[F]or those who agree with the norms embedded in ADHD concepts and practice, diagnosis and treatment can come as a welcome relief. Adults dismayed with broken relationships, lack of success at work, or past or present academic failures often embrace the biomedical interpretation of their life story. (Susan C.C. Hawthorne, “Institutionalized Intolerance of ADHD: Sources and Consequences,” Hypatia vol. 25, no. 3, p. 517)
I’ve known for some time that I would eventually need to start a blog of my own. But it was reading this passage earlier today, as part of my literature review for my master’s thesis, which finally galvanized me to get off my ass and do so. So, here we go…
When I first matriculated to the the graduate program in Women, Gender, and Sexuality Studies at Oregon State University, back in January, I had a very specific goal in mind: to broaden my understanding of feminism enough that I would be able to do justice to the subject someday as a writer. I specifically hoped to land a job as a feminist blogger focusing on women’s health issues. But it became apparent to me relatively quickly that there was one women’s health issue that I specifically was meant to focus on: Attention Deficit Hyperactivity Disorder (ADHD).* Feminist theory, after all, teaches us that Woman’s experience is valuable; not something that invalidates whatever research you’re conducting.
Another unexpected turn my graduate studies have taken is toward Disability Studies, an interdisciplinary academic field concerned with, yep, the study of disability. Within the DS canon, there are two basic schools of thought:
- The medical model, originating from the view that disabilities are pathological, and thus, undesirable, and should be treated, if not completely cured, with modern medicine.

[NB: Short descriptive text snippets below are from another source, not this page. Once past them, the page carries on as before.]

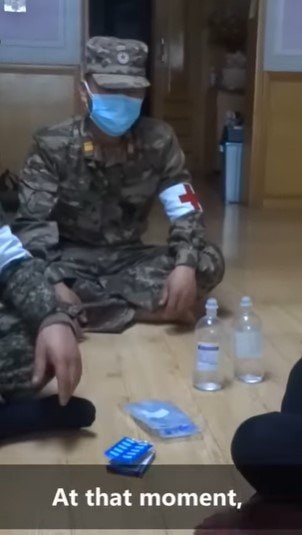 薬品を携え、ソンアの自宅を訪れた軍医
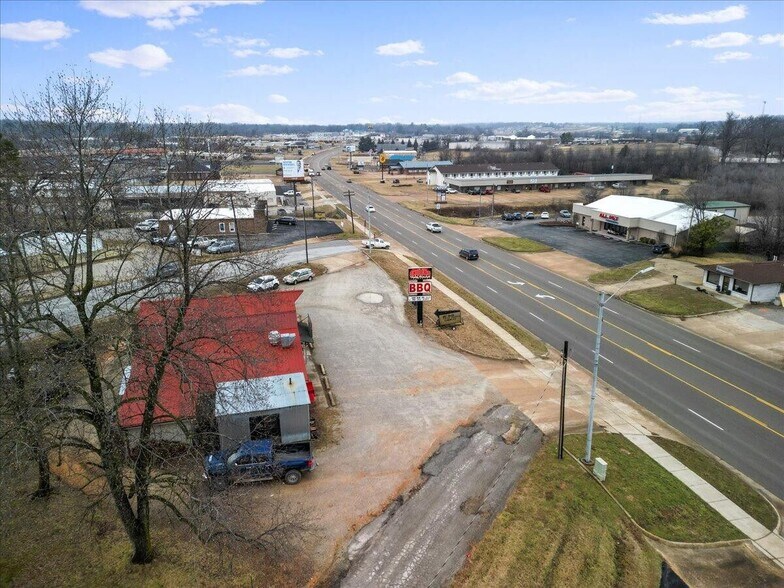 More Photos Of 1027 Porter Wagoner Blvd, West Plains Restaurant For Sale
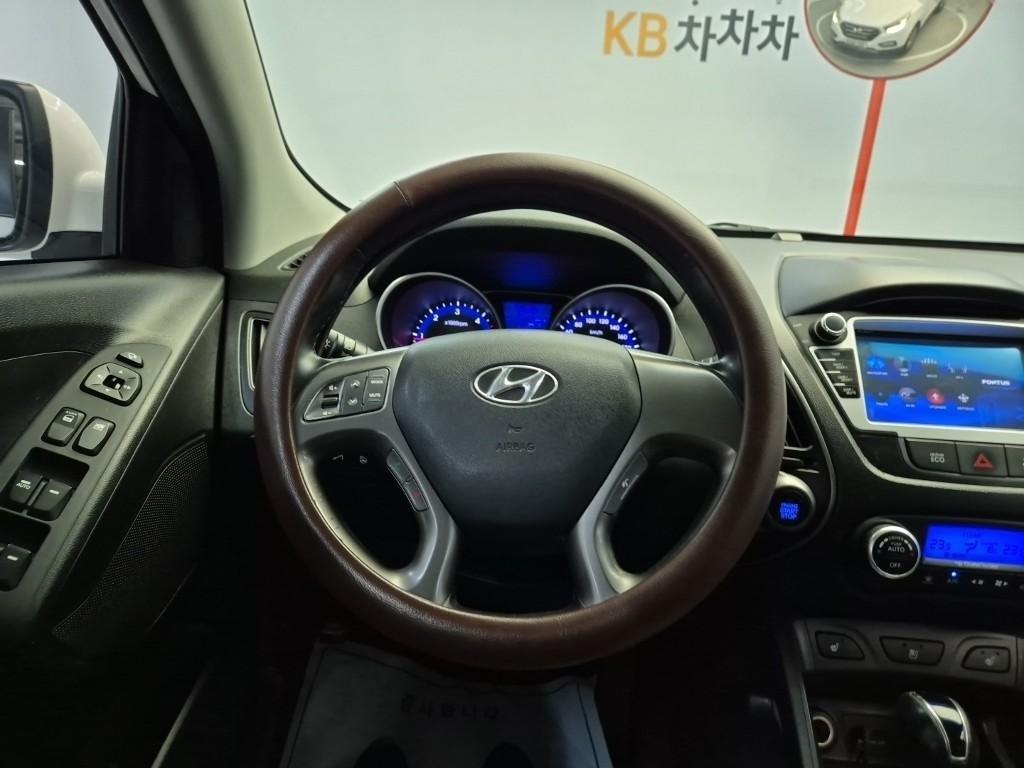 HYUNDAI Tucson - Vista 9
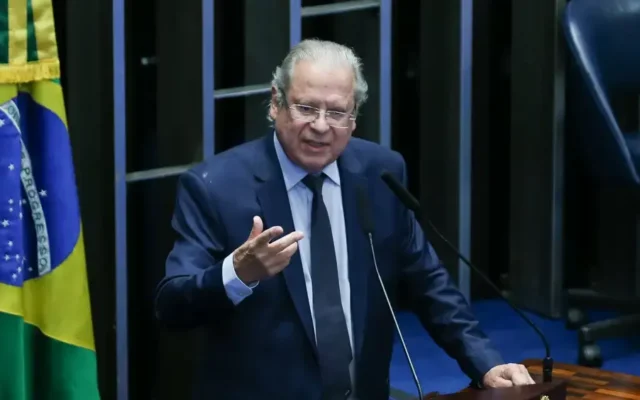 Gilmar Mendes, do STF, anula todas as condenações de José Dirceu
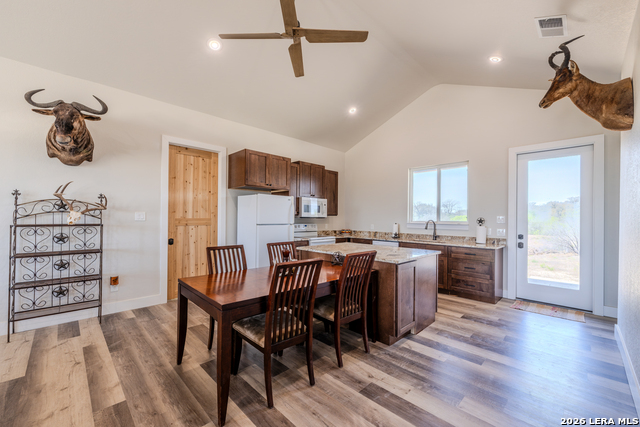 Image 17 of 47 For 994 Marburger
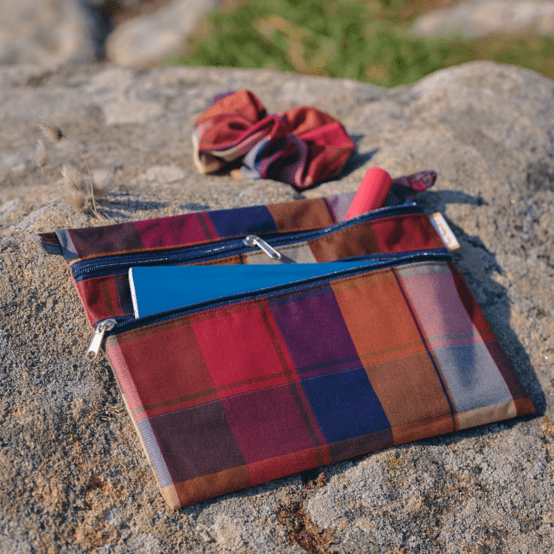 Pochette plate Aloïs tartan lurex rubis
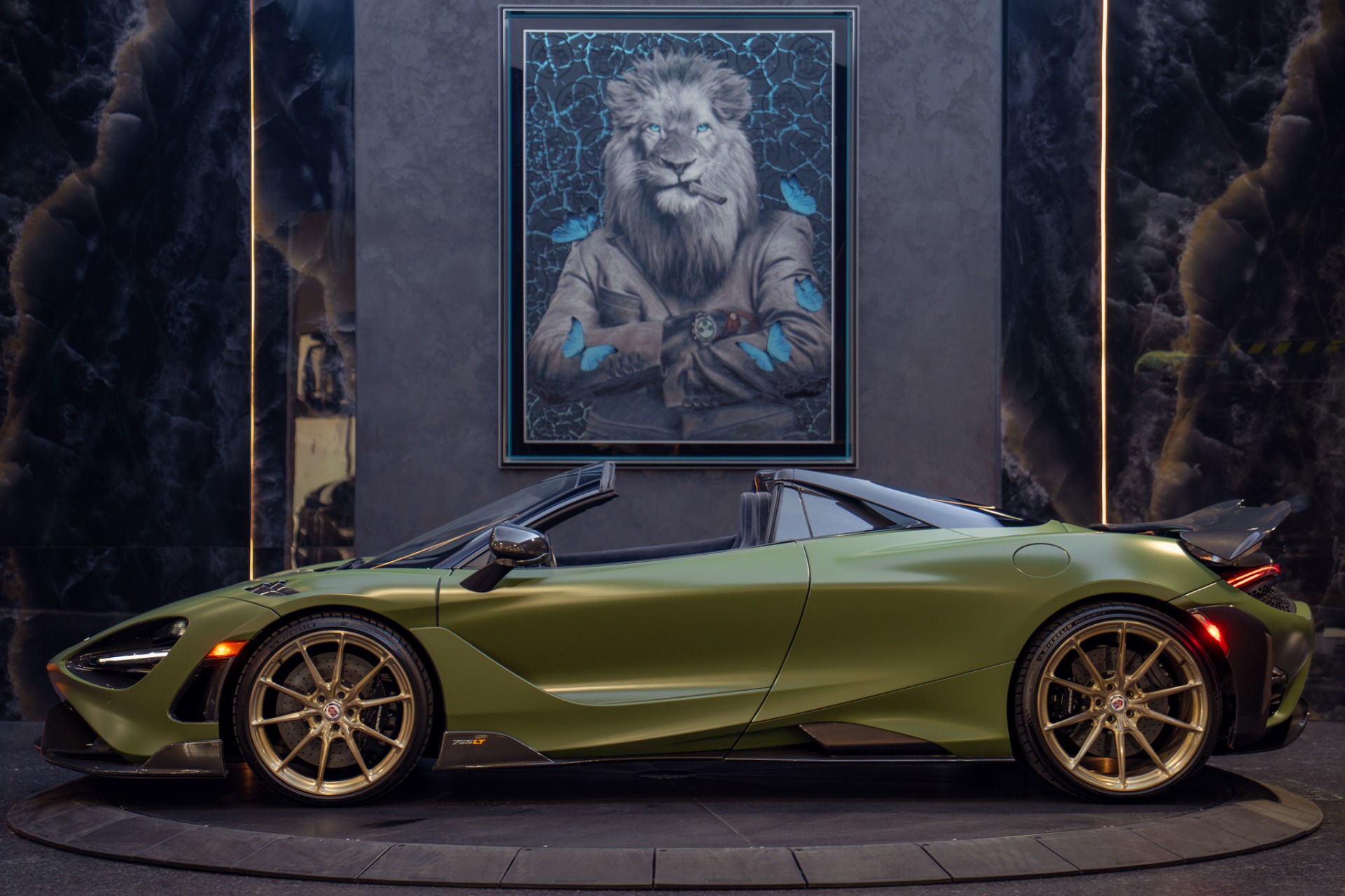 Used 2022 McLaren 765LT Spider MSO MATTE URBAN GREEN $570,000 MSRP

- The social model, based on the premise that disability is in the eye of the beholder; that it is how society views and accommodates (or, doesn’t) natural human variation.
Among my mentors in DS at OSU, there is a general consensus that of the two, it is the social mode that comes to the closest to getting it right. The thing is, though, that my personal experience just doesn’t jibe with that.
It’s true that a lot of ADHD symptoms, as Hawthorne expertly articulates in her article quoted above, could easily be viewed as simply differences, and even adaptations: A person who is unafraid to speak his mind, who doesn’t bow to social convention, who is a multitask-er, actually sounds pretty great. But I am of the belief that ADHD exists on a spectrum, and at the very end of the spectrum, is me. I don’t get distracted (i.e., concentrate on multiple stimuli at once); I struggle to concentrate at all. If you have difficulty concentrating, even in your most private moments you feel impaired. So you can change the architecture of a building, and make people more tolerant, but that won’t make me suddenly able to focus on getting ready in the morning without pharmacological assistance (more on this later).
All of this is to say that thinking of my disability, not as a personal illusion or a subjective notion conceived by an non-accepting society, renders my persistent struggles (for indeed, I was diagnosed and first treated 20 years ago, at age 5, yet I still struggle with severe ADHD symptoms today) as a disabled woman real and valid. And that is feminism at its finest.
* In true ADHD fashion, I’m going to put off writing a detailed piece on just what ADHD is, and my lifelong experience with it, till I feel like I can do it justice, i.e., not right now.